Supplied entries –
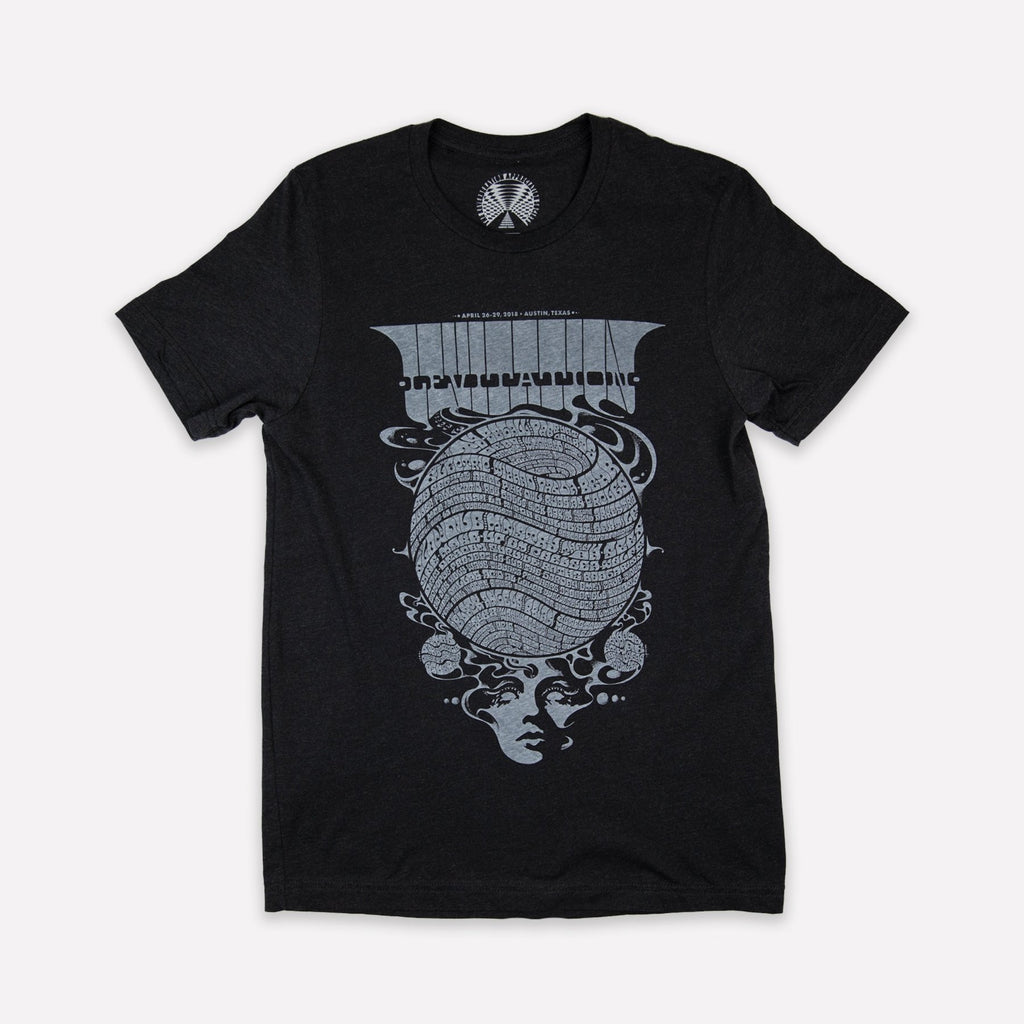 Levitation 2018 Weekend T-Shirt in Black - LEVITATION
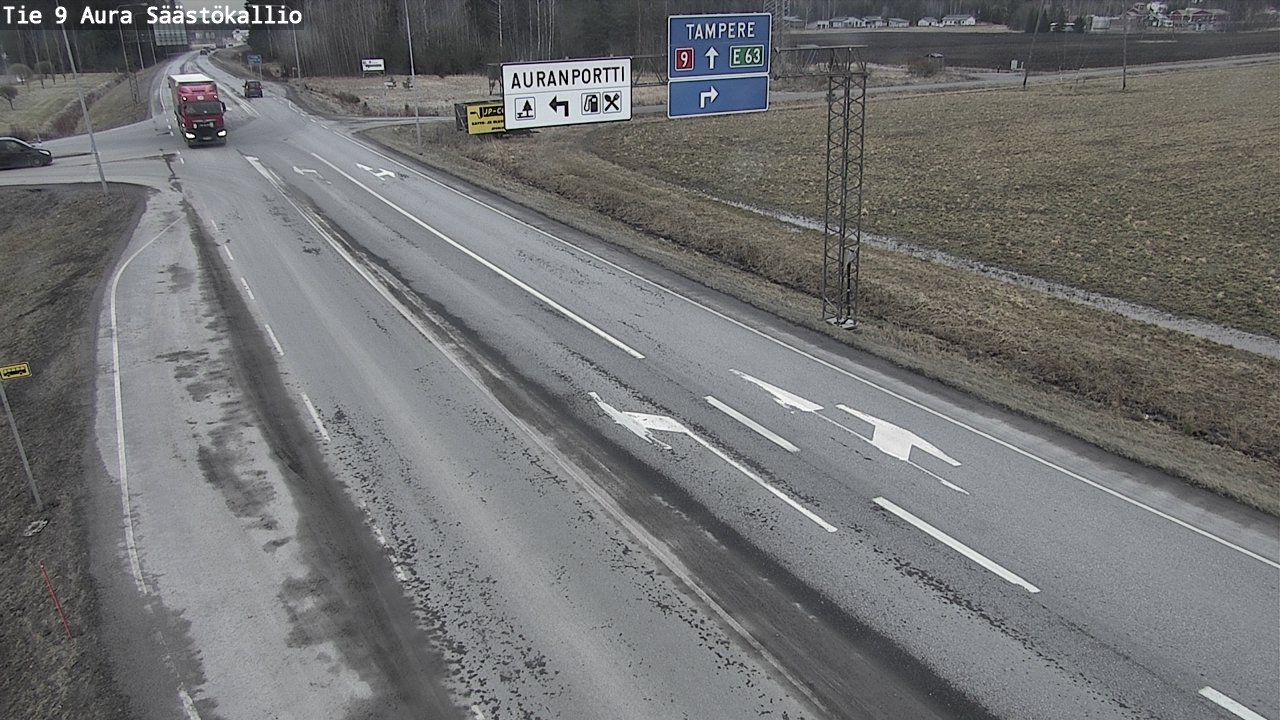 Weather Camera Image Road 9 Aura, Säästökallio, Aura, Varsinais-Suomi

...

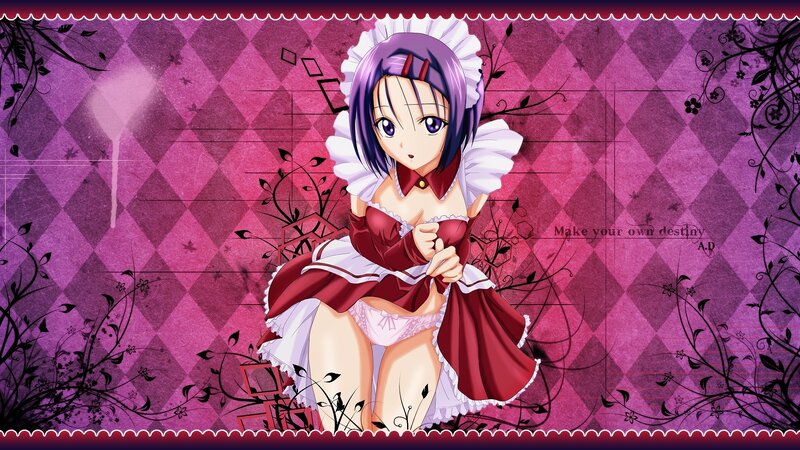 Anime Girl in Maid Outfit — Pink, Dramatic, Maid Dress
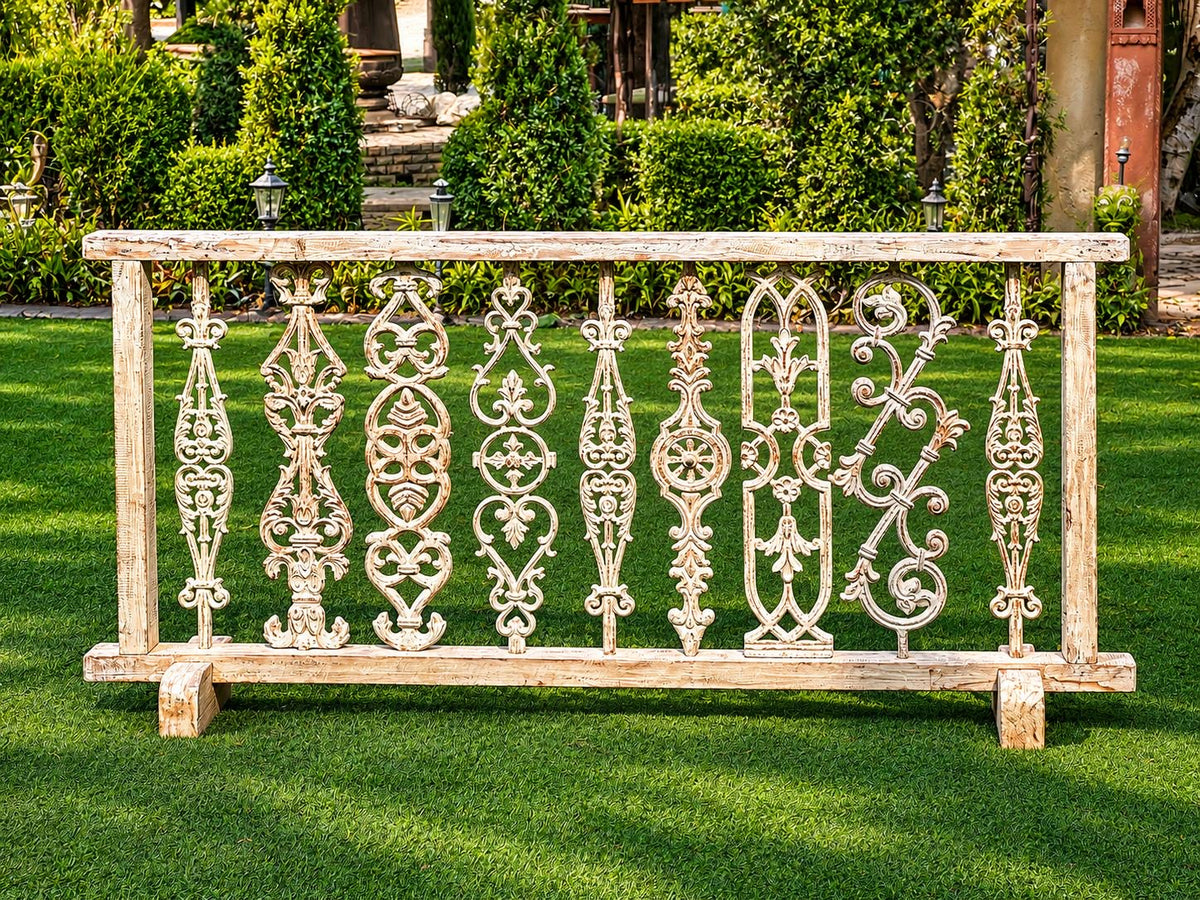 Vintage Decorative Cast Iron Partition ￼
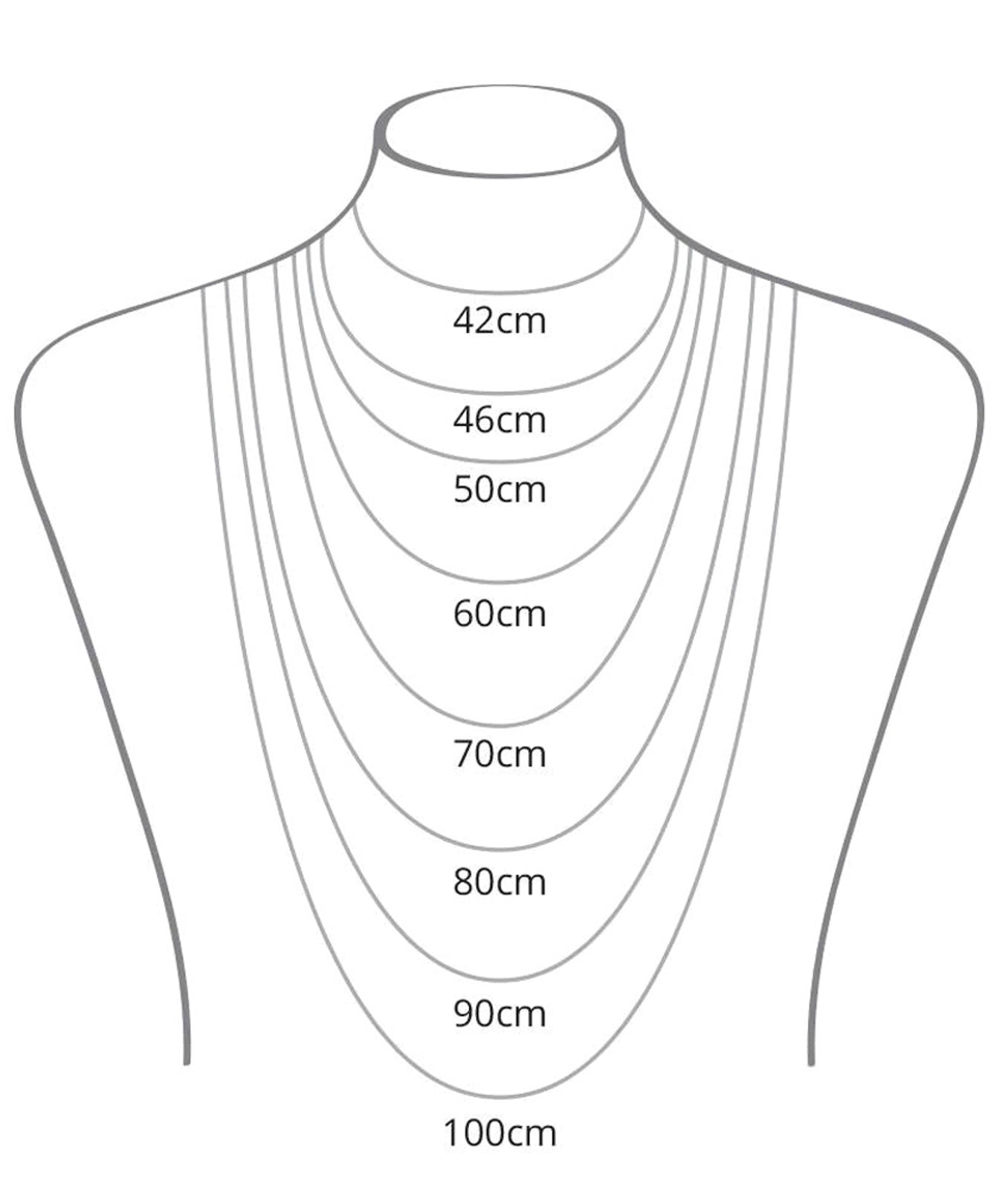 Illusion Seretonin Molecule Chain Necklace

Assigned task –
What are the lines in the records above, word for word, from the one containing "Anime Girl in" through the one containing "Illusion Seretonin Molecule Chain Necklace", both ends included and pictures left out?

Exercise response –
 Anime Girl in Maid Outfit — Pink, Dramatic, Maid Dress
 Vintage Decorative Cast Iron Partition 
 Illusion Seretonin Molecule Chain Necklace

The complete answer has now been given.